The FINANCIAL -- According to EU business, EU finance ministers will focus on the stability of the financial system next week amid divisions about how best to return calm to the markets.
Financial market turmoil and the impact on the economy will be in focus when eurozone finance chiefs meet on January 21 and when they are joined by colleagues from the rest of the European Union on January 22.
Despite broad agreement that something must be done, Europe is struggling not only to agree whether more oversight and regulation is needed but even in what format action should be discussed.

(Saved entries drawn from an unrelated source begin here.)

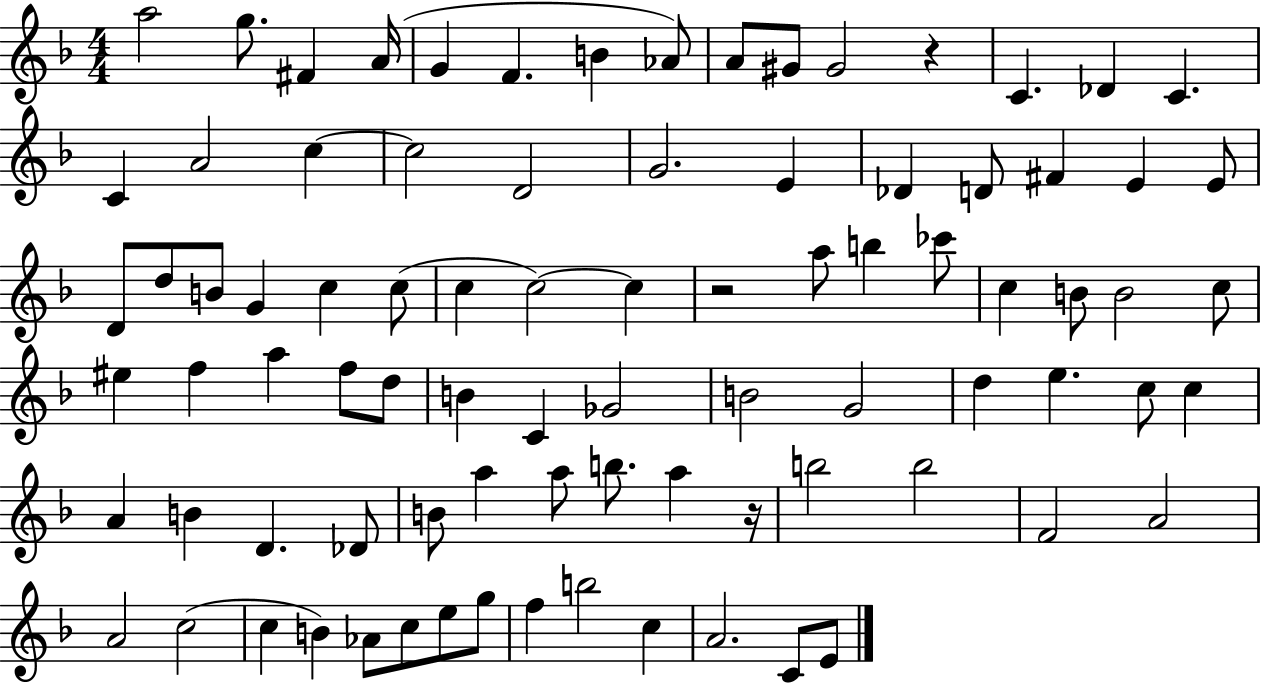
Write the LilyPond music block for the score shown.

{
  \clef treble
  \numericTimeSignature
  \time 4/4
  \key f \major
  \repeat volta 2 { a''2 g''8. fis'4 a'16( | g'4 f'4. b'4 aes'8) | a'8 gis'8 gis'2 r4 | c'4. des'4 c'4. | \break c'4 a'2 c''4~~ | c''2 d'2 | g'2. e'4 | des'4 d'8 fis'4 e'4 e'8 | \break d'8 d''8 b'8 g'4 c''4 c''8( | c''4 c''2~~) c''4 | r2 a''8 b''4 ces'''8 | c''4 b'8 b'2 c''8 | \break eis''4 f''4 a''4 f''8 d''8 | b'4 c'4 ges'2 | b'2 g'2 | d''4 e''4. c''8 c''4 | \break a'4 b'4 d'4. des'8 | b'8 a''4 a''8 b''8. a''4 r16 | b''2 b''2 | f'2 a'2 | \break a'2 c''2( | c''4 b'4) aes'8 c''8 e''8 g''8 | f''4 b''2 c''4 | a'2. c'8 e'8 | \break } \bar "|."
}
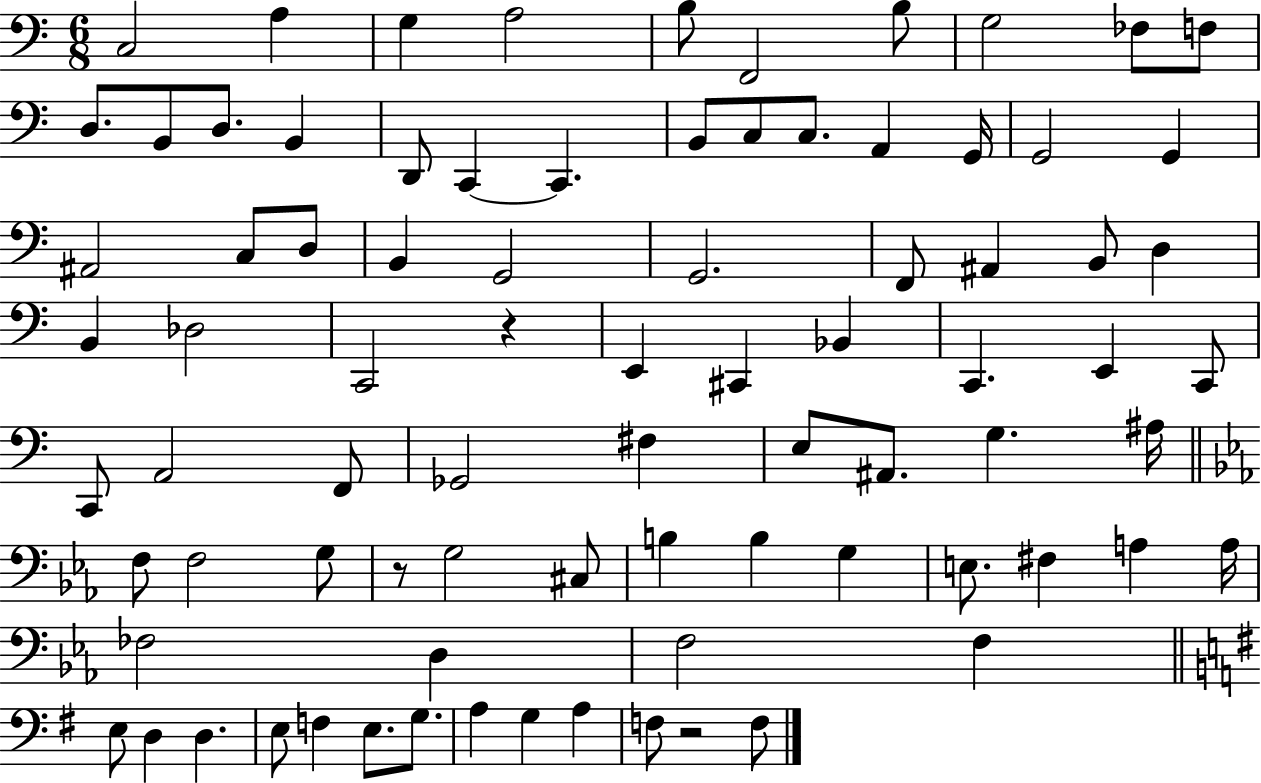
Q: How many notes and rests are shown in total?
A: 83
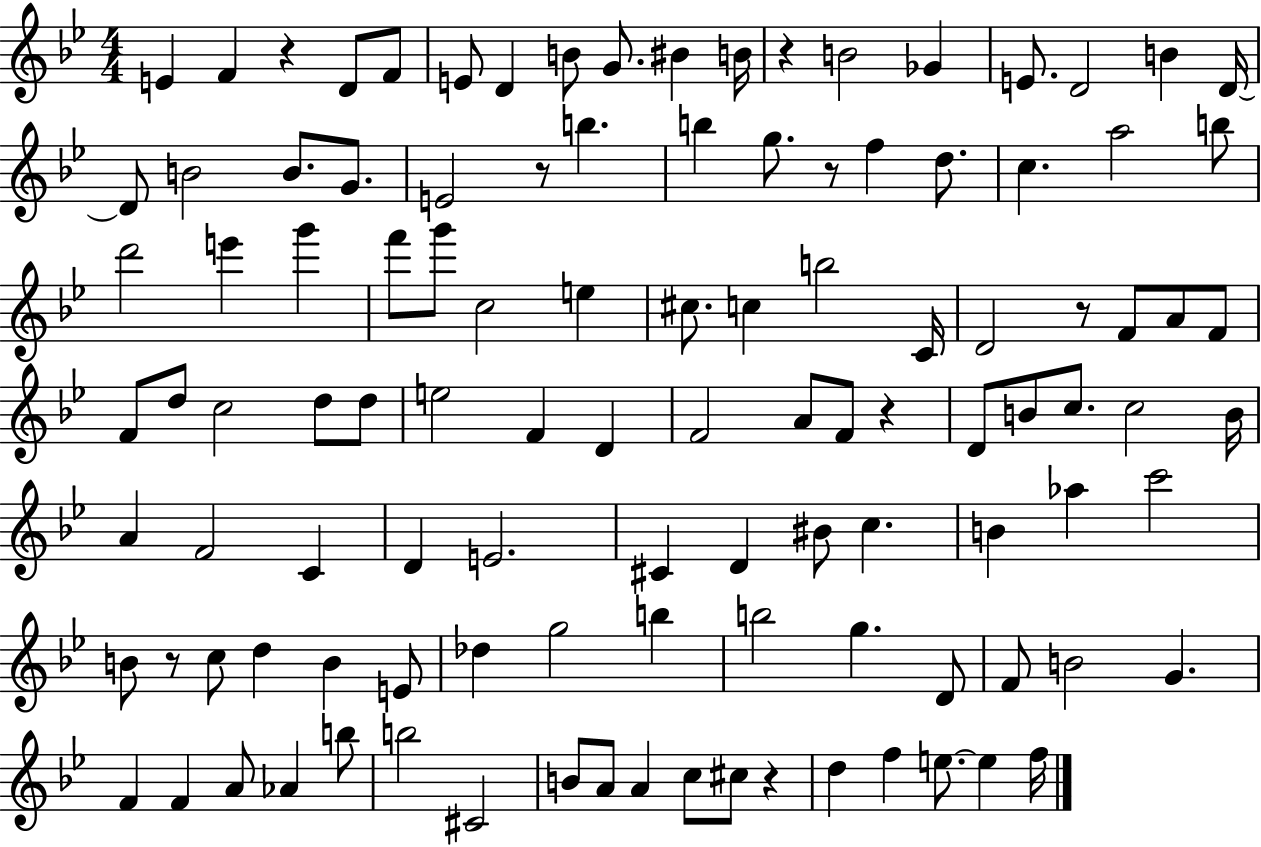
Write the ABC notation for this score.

X:1
T:Untitled
M:4/4
L:1/4
K:Bb
E F z D/2 F/2 E/2 D B/2 G/2 ^B B/4 z B2 _G E/2 D2 B D/4 D/2 B2 B/2 G/2 E2 z/2 b b g/2 z/2 f d/2 c a2 b/2 d'2 e' g' f'/2 g'/2 c2 e ^c/2 c b2 C/4 D2 z/2 F/2 A/2 F/2 F/2 d/2 c2 d/2 d/2 e2 F D F2 A/2 F/2 z D/2 B/2 c/2 c2 B/4 A F2 C D E2 ^C D ^B/2 c B _a c'2 B/2 z/2 c/2 d B E/2 _d g2 b b2 g D/2 F/2 B2 G F F A/2 _A b/2 b2 ^C2 B/2 A/2 A c/2 ^c/2 z d f e/2 e f/4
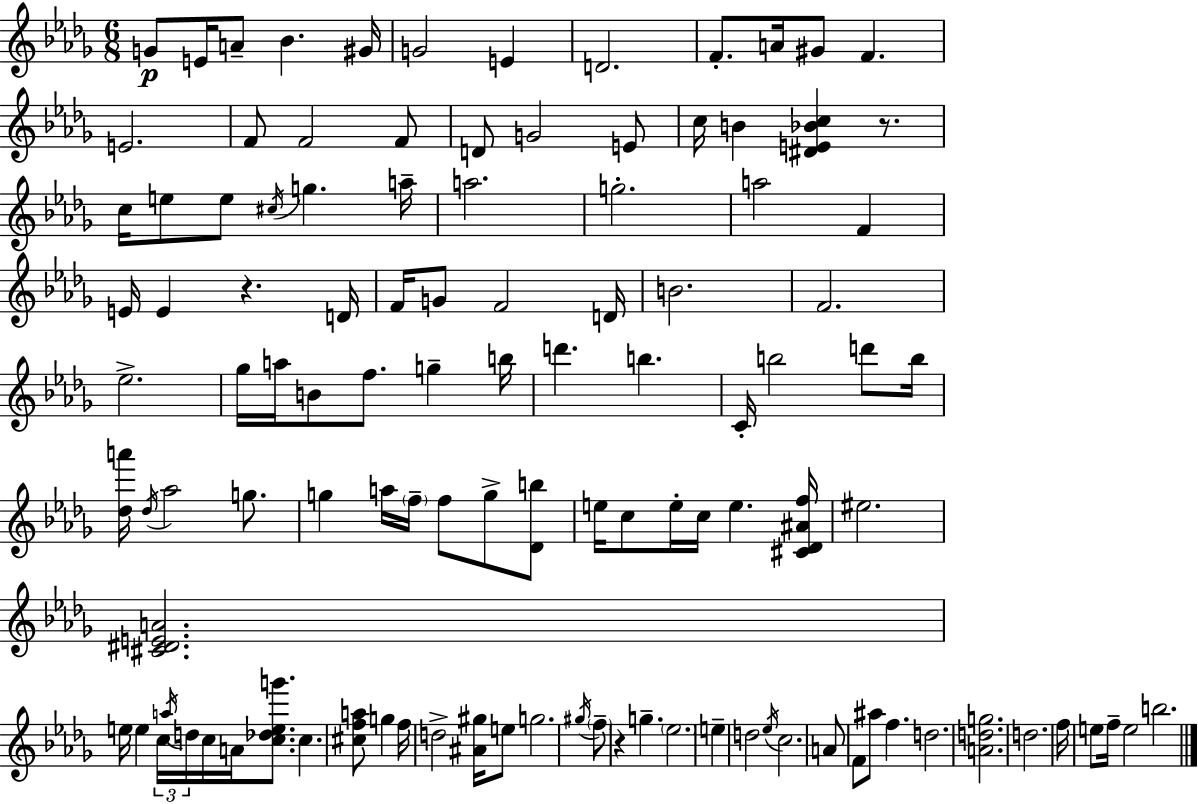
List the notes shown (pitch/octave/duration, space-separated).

G4/e E4/s A4/e Bb4/q. G#4/s G4/h E4/q D4/h. F4/e. A4/s G#4/e F4/q. E4/h. F4/e F4/h F4/e D4/e G4/h E4/e C5/s B4/q [D#4,E4,Bb4,C5]/q R/e. C5/s E5/e E5/e C#5/s G5/q. A5/s A5/h. G5/h. A5/h F4/q E4/s E4/q R/q. D4/s F4/s G4/e F4/h D4/s B4/h. F4/h. Eb5/h. Gb5/s A5/s B4/e F5/e. G5/q B5/s D6/q. B5/q. C4/s B5/h D6/e B5/s [Db5,A6]/s Db5/s Ab5/h G5/e. G5/q A5/s F5/s F5/e G5/e [Db4,B5]/e E5/s C5/e E5/s C5/s E5/q. [C#4,Db4,A#4,F5]/s EIS5/h. [C#4,D#4,E4,A4]/h. E5/s E5/q C5/s A5/s D5/s C5/s A4/s [C5,Db5,E5,G6]/e. C5/q. [C#5,F5,A5]/e G5/q F5/s D5/h [A#4,G#5]/s E5/e G5/h. G#5/s F5/e R/q G5/q. Eb5/h. E5/q D5/h Eb5/s C5/h. A4/e F4/e A#5/e F5/q. D5/h. [A4,D5,G5]/h. D5/h. F5/s E5/e F5/s E5/h B5/h.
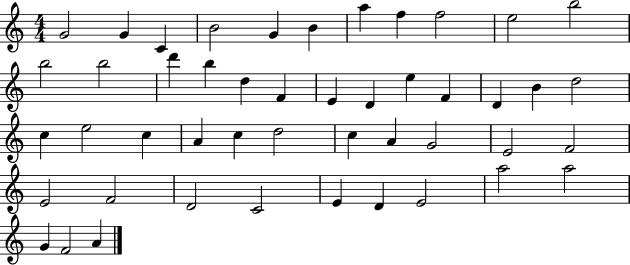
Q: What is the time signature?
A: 4/4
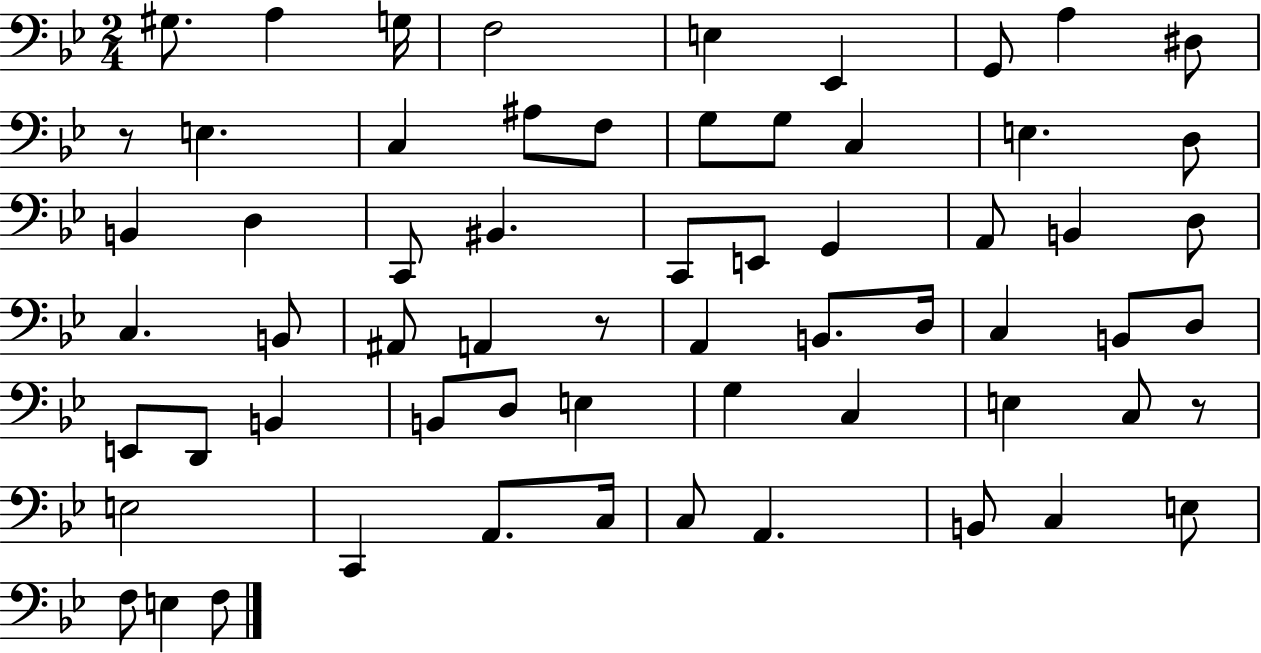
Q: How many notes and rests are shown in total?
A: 63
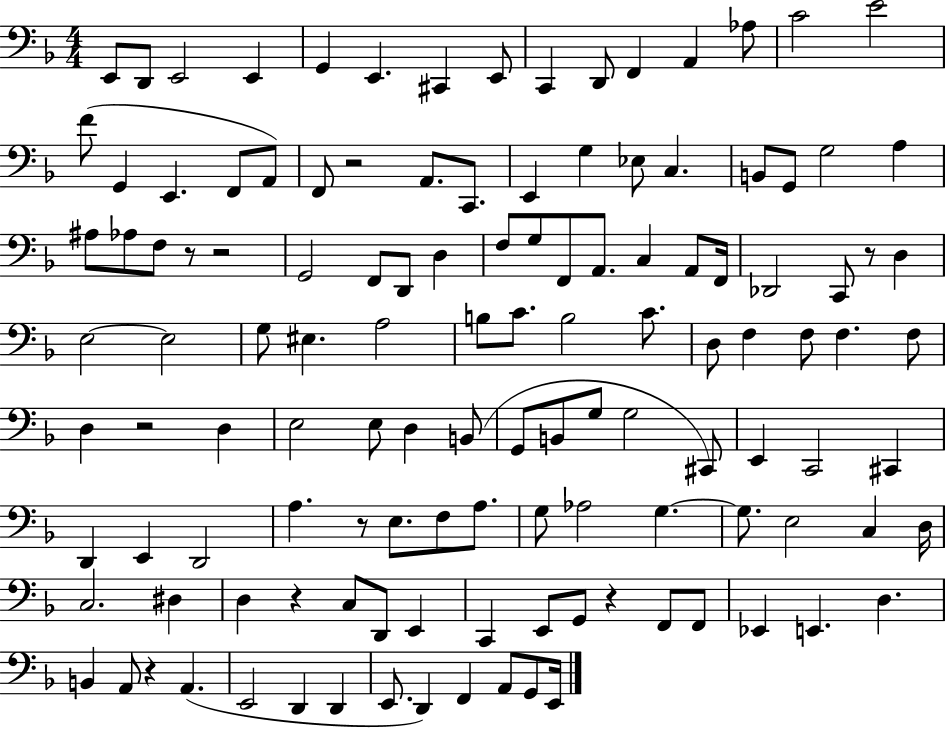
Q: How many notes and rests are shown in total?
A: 125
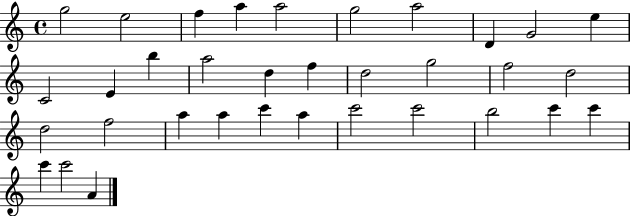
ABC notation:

X:1
T:Untitled
M:4/4
L:1/4
K:C
g2 e2 f a a2 g2 a2 D G2 e C2 E b a2 d f d2 g2 f2 d2 d2 f2 a a c' a c'2 c'2 b2 c' c' c' c'2 A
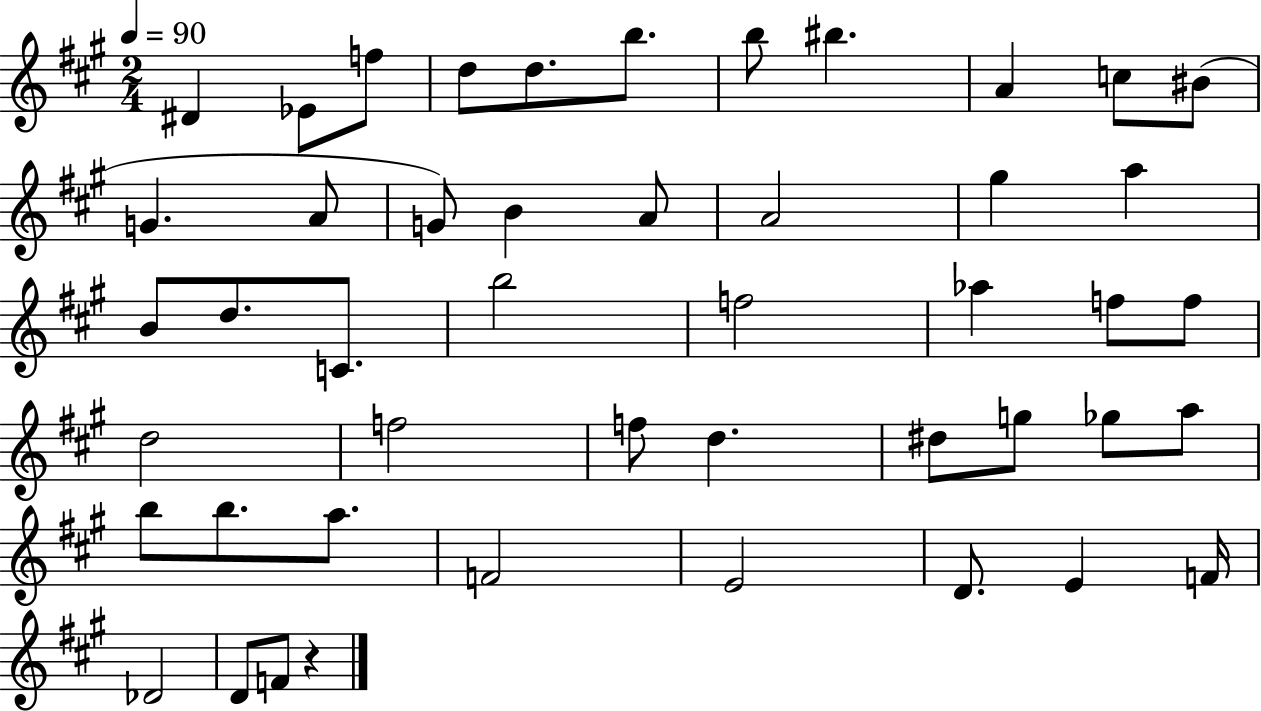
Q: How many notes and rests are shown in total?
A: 47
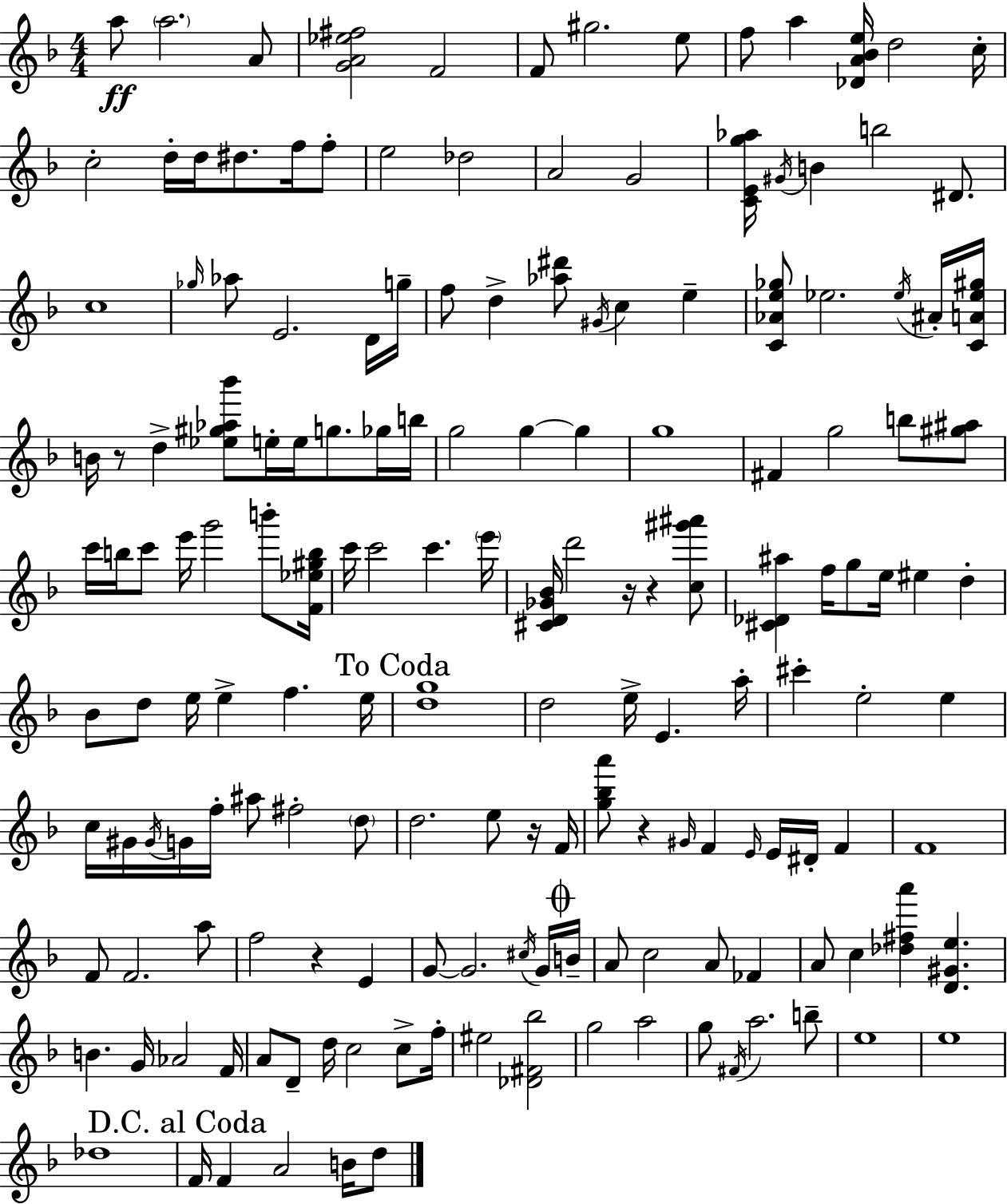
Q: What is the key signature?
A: F major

Some small eurozone countries such as Belgium and Finland are frustrated that Britain, France, Germany and Italy have taken the initiative to hold top level meetings on such problems in the absence of their other EU partners.
After a meeting with her British, German and Italian counterparts on January 17, French Finance Minister Christine Lagarde said further turmoil still posed a risk although markets "are currently in a process of gradual recovery."
Crisis in the US housing loan market has sent shockwaves through Europe, causing banks to become much more cautious about lending to each other and focusing minds on stepping up European oversight of the financial sector.
EU Economic and Monetary Affairs Commissioner Joaquin Almunia warned January 17 against rising risks weighing on the outlook for the eurozone's economic growth in 2008.
"Tighter financing conditions, reduced confidence in the aftermath of the financial market turmoil, rising inflation as well as a cooling-off of the global environment will weigh on euro-area growth in the coming quarters," he said.
On January 21, Italian Finance Minister Tommaso Padoa-Schioppa is due to develop plans for more cooperation among national financial sector regulators and a common European rulebook for financial institutions, an official said.
Currently, regulation of Europe's banking, financial and insurance markets remains largely managed by national authorities, leaving big cross-border institutions to juggle a patchwork of rules and overseers.
Amid divisions about how fast and far to move forward on EU-wide financial sector supervision, ministers agreed in December to keep tabs on efforts to improve supervisory cooperation.
However, British Chancellor of the Exchequer Alistair Darling has warned of the dangers of over-regulating as an answer to financial market turbulence.
In addition to discussing financial stability, EU ministers are on January 22 also to meet with recently-appointed IMF chief Dominique Strauss-Kahn to discuss reform, a senior EU official said.
They will also discuss European contributions for an upcoming meeting of finance chiefs from the Group of Seven richest countries in Tokyo on February 9.